[[ Data to use open ]]

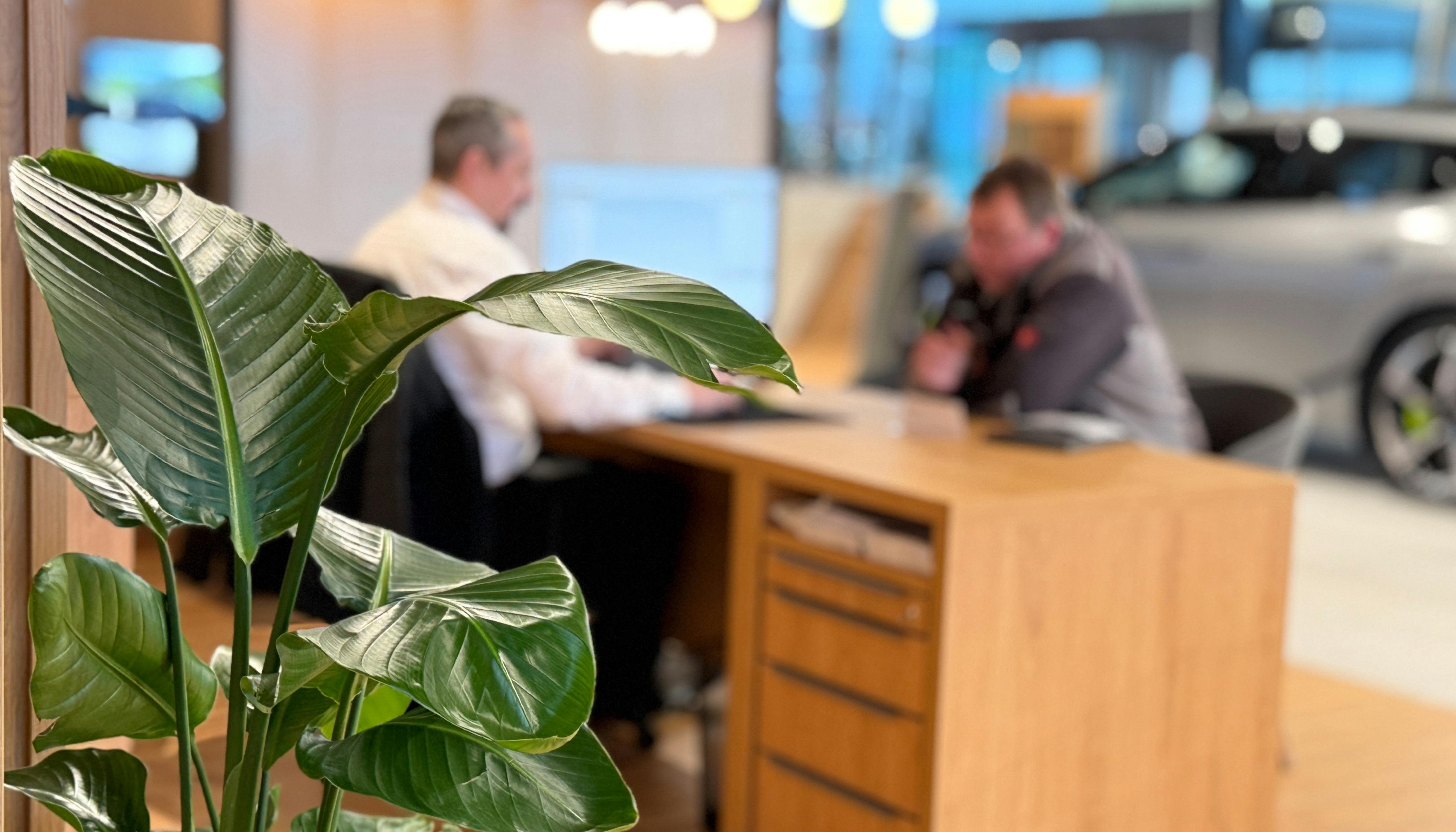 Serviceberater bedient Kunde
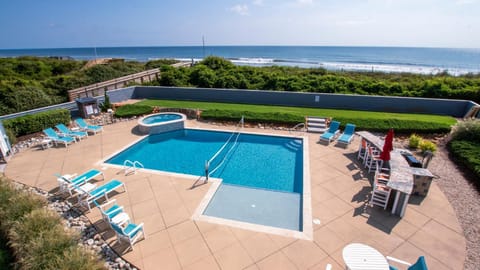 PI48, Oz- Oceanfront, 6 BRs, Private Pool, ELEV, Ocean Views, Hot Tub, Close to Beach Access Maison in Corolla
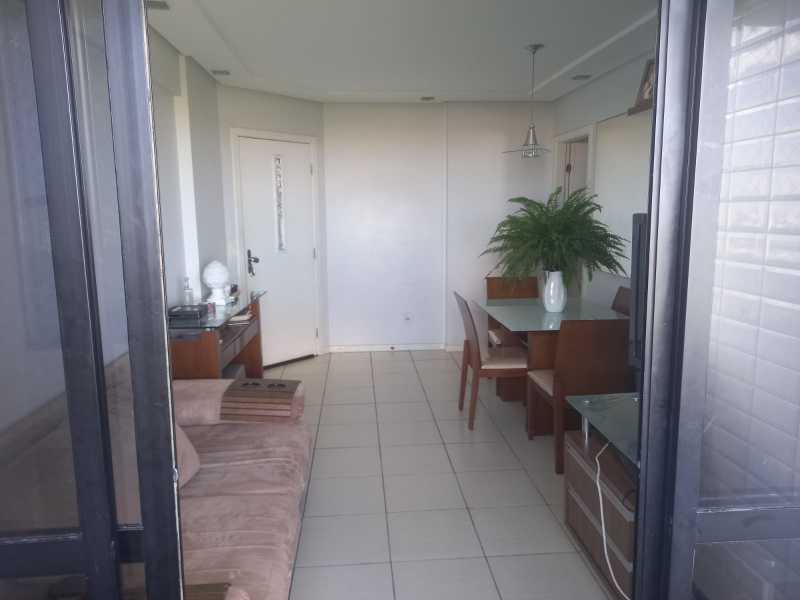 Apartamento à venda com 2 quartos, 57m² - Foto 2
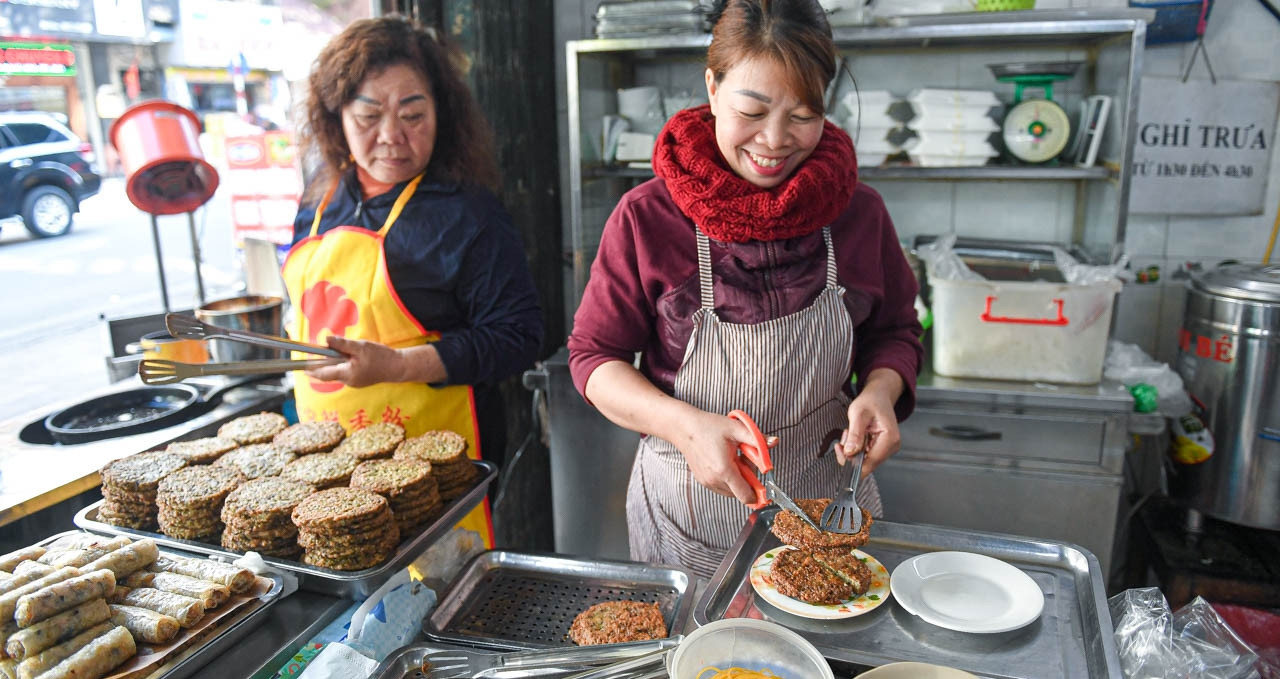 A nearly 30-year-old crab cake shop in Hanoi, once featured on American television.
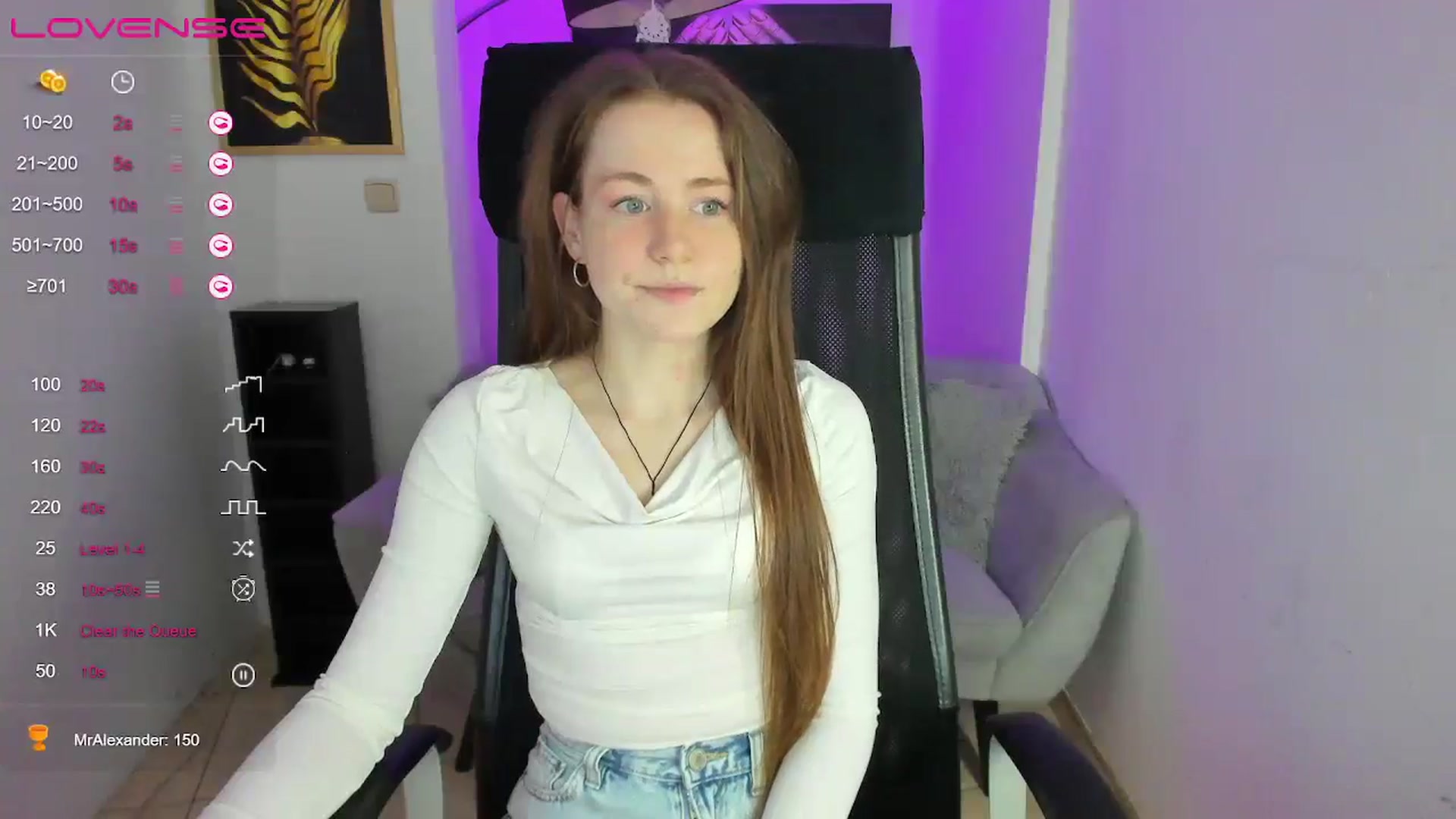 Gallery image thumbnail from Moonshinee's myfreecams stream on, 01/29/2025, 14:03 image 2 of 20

[[ Data to use closed ]]
[[ Data to use open ]]

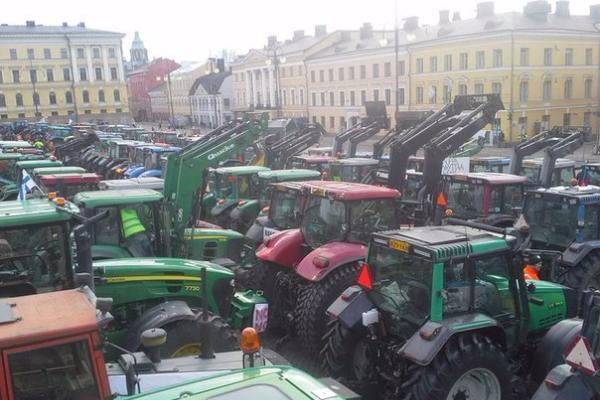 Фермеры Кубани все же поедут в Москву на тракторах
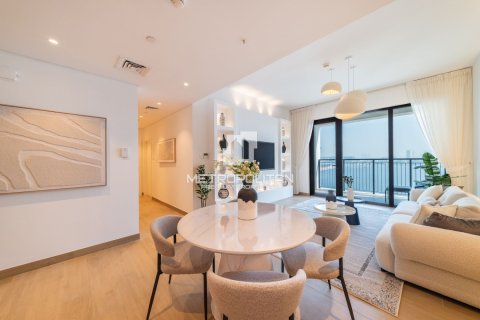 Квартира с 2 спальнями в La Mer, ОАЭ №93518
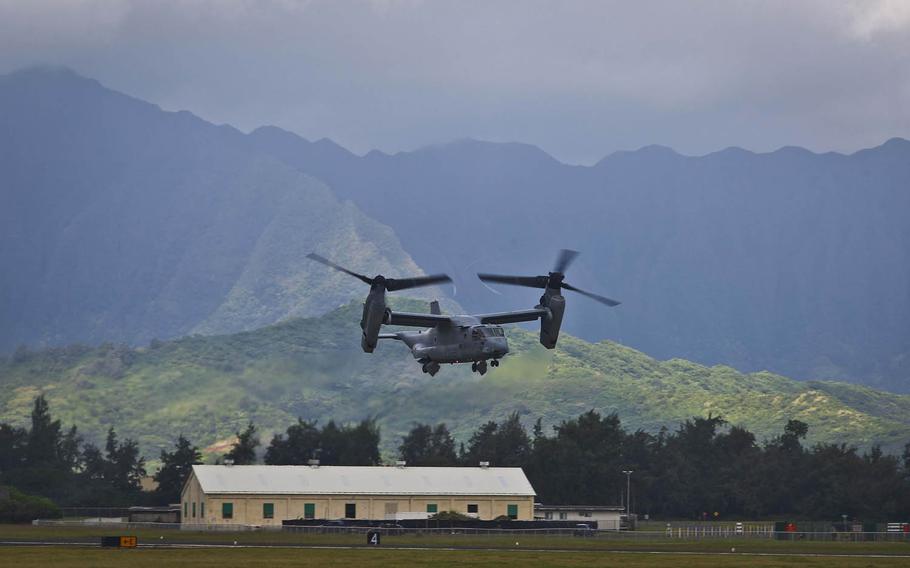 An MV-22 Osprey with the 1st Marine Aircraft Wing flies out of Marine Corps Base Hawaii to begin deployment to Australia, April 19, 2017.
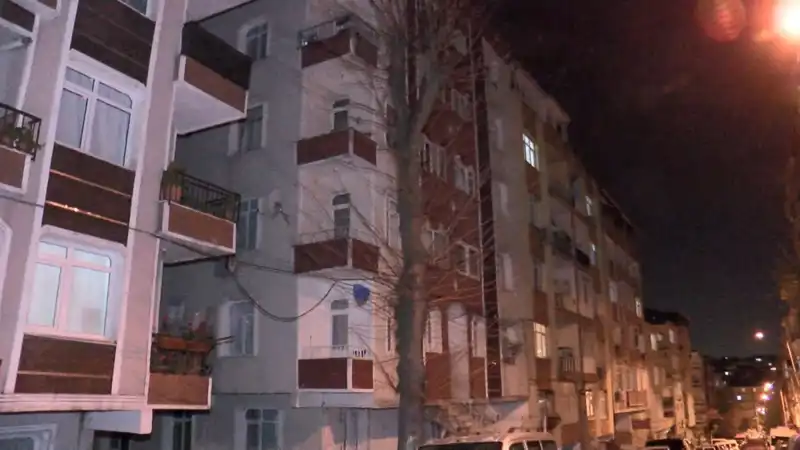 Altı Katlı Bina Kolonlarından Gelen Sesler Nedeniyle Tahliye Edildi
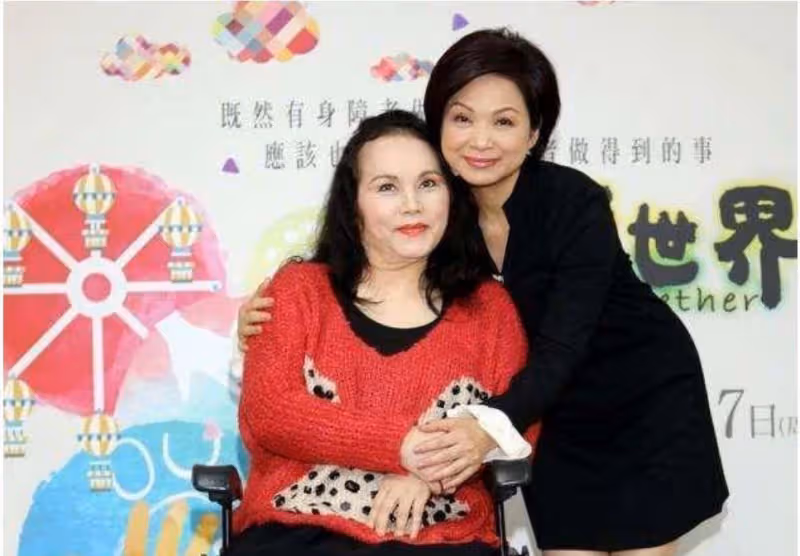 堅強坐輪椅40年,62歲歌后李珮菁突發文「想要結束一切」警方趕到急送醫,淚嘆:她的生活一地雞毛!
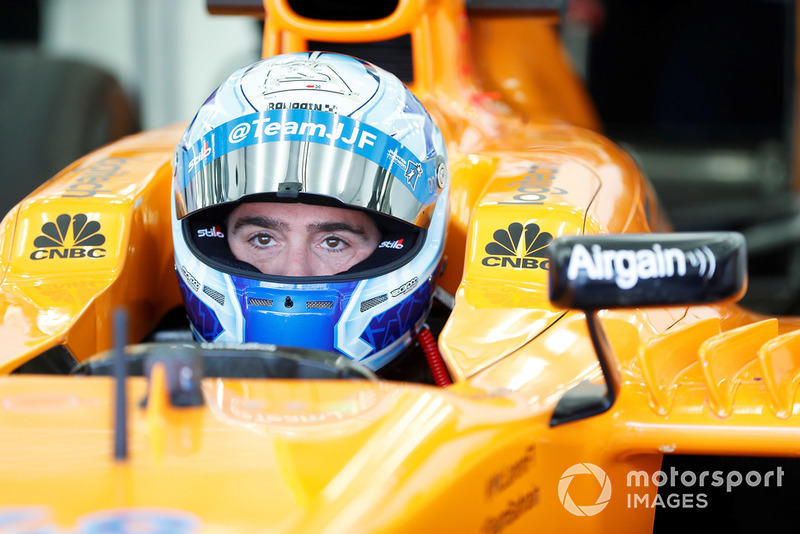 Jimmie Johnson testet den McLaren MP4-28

[[ Data to use closed ]]

▶ _Exercise details_: Give again, exactly as written above, each line from the one that has "Serviceberater bedient Kunde" to the one that has "Gallery image thumbnail", both included; omit the pictures.

▶ _Completed task_:
 Serviceberater bedient Kunde
 PI48, Oz- Oceanfront, 6 BRs, Private Pool, ELEV, Ocean Views, Hot Tub, Close to Beach Access Maison in Corolla
 Apartamento à venda com 2 quartos, 57m² - Foto 2
 A nearly 30-year-old crab cake shop in Hanoi, once featured on American television.
 Gallery image thumbnail from Moonshinee's myfreecams stream on, 01/29/2025, 14:03 image 2 of 20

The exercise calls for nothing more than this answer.